Saturday, August 4, 2018

Russians aren’t Just Angry at Regime: They’re Viewing It in a Whole New Way, Shelin Says


Paul Goble

            Staunton, August 4 – The Russian government’s plans to raise the age at which people can take a pension has only accelerated a broader change in the relationship between the population and the regime, Sergey Shelin says. Russians are ever less willing to accept government propaganda and are “losing interest in the triumphs of the leadership.”

According to the latest bulletin of the Bank of Russia, Russians now believe that inflation is more than three times what the government says, that unemployment is higher and that the regime is not doing anything to prevent further increases in the price of gas and other basic goods (cbr.ru/Collection/Collection/File/7394/bulletin_18-05.pdf).

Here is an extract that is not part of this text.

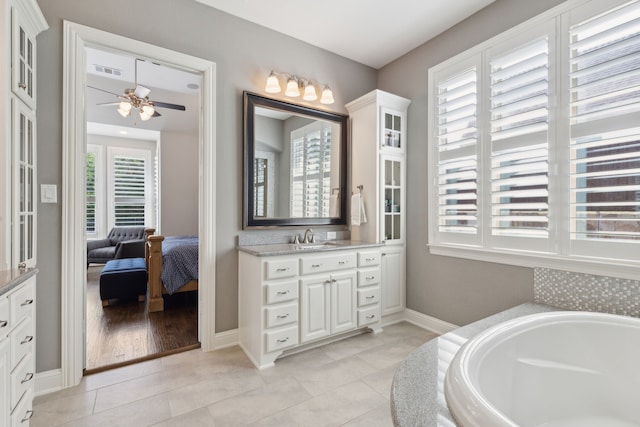 bathroom with baseboards, visible vents, a ceiling fan, a garden tub, and vanity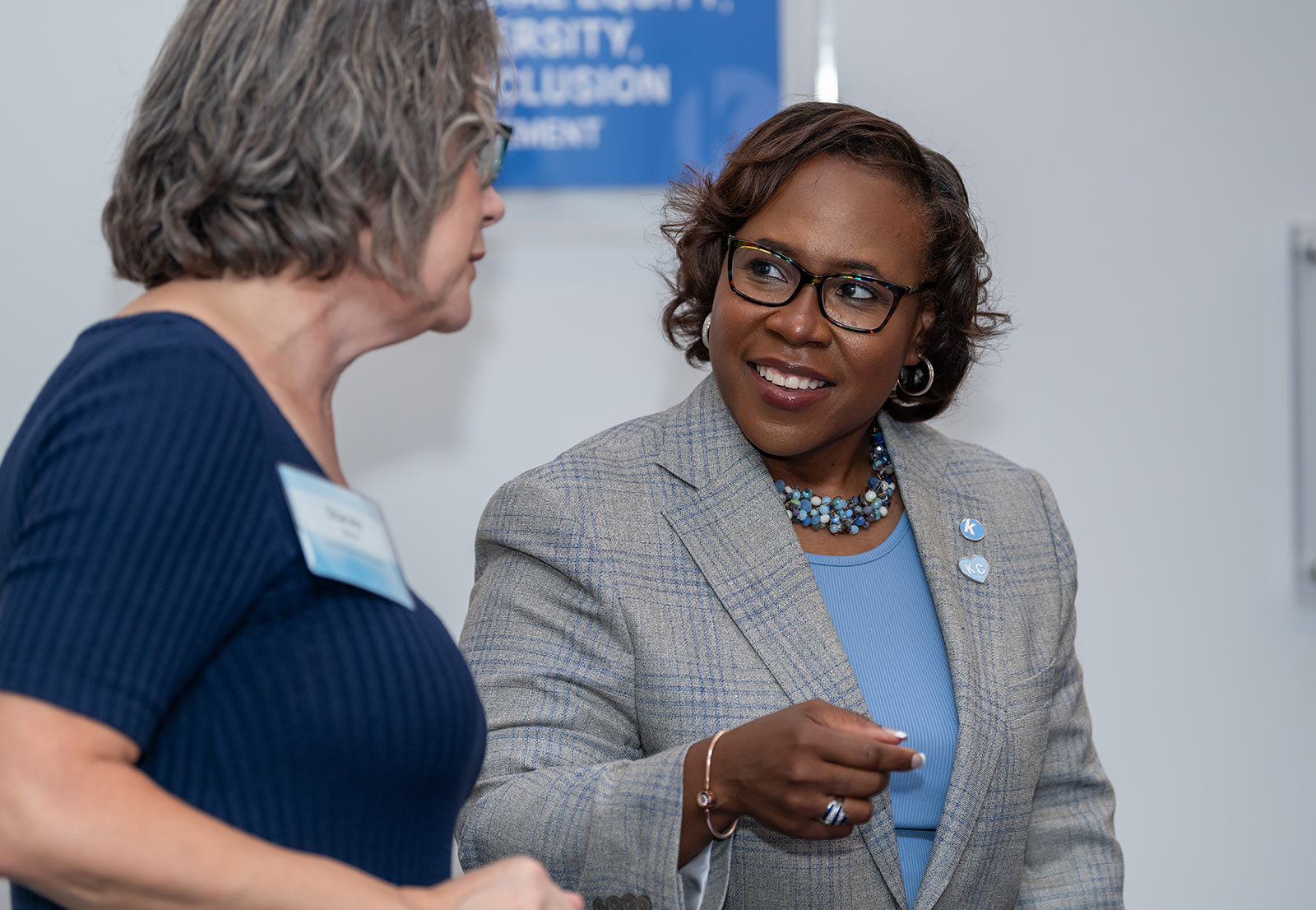 Dr. DeAngela Burns-Wallace greets community members at the end of the blue carpet at the Kauffman Foundation's Open House event Sept. 28, 2023.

That is evidence of more than a spillover in Russian anger about pensions onto other issues, the Rosbalt commentator says; it is an indication that the unquestioning popular support  the Putin regime has been counting on has slipped away and most likely will not return anytime soon (rosbalt.ru/blogs/2018/07/31/1721214.html).

Perhaps even more significant for the future, Shelin continues, is that while Russians still believe that Vladimir Putin won a victory over Donald Trump at the Helsinki Summit, they have not given Putin the kind of boost in ratings that such assessments would have led them to in the past.

Russians are “filtering events in a new way,” he says. “Ever actions which they completely back – the World Cup or this summit – today already are doing nothing to reduce popular skepticism about immediate issues of everyday life.   This is a big disappointment for the bosses which since Crimea has been accustomed to a different response.”

The bosses are likely to be even more disappointed in how the population is responding to its declarations and promises.  In contrast to a year or two ago, now 30 to 40 percent of Russians are critical of these thing or express pessimism about the possibility that what the leaders are saying is true or possible. Young people are especially critical.

And all these things mean, Shelin says, that “the very picture of life which the bosses draw passes by the consciousness of their subjects” without the latter accepting it. Instead, they have formed their own view on what reality now is – and that view is increasingly pessimistic and critical.

This doesn’t mean that there is going to be an upsurge in protests anytime soon. No one knows. But the relationship between the powers that be and the people has changed. “The people are not simply angry: anger can weaken. They are looking up with different eyes; and this will be very difficult [for those on top] to change.”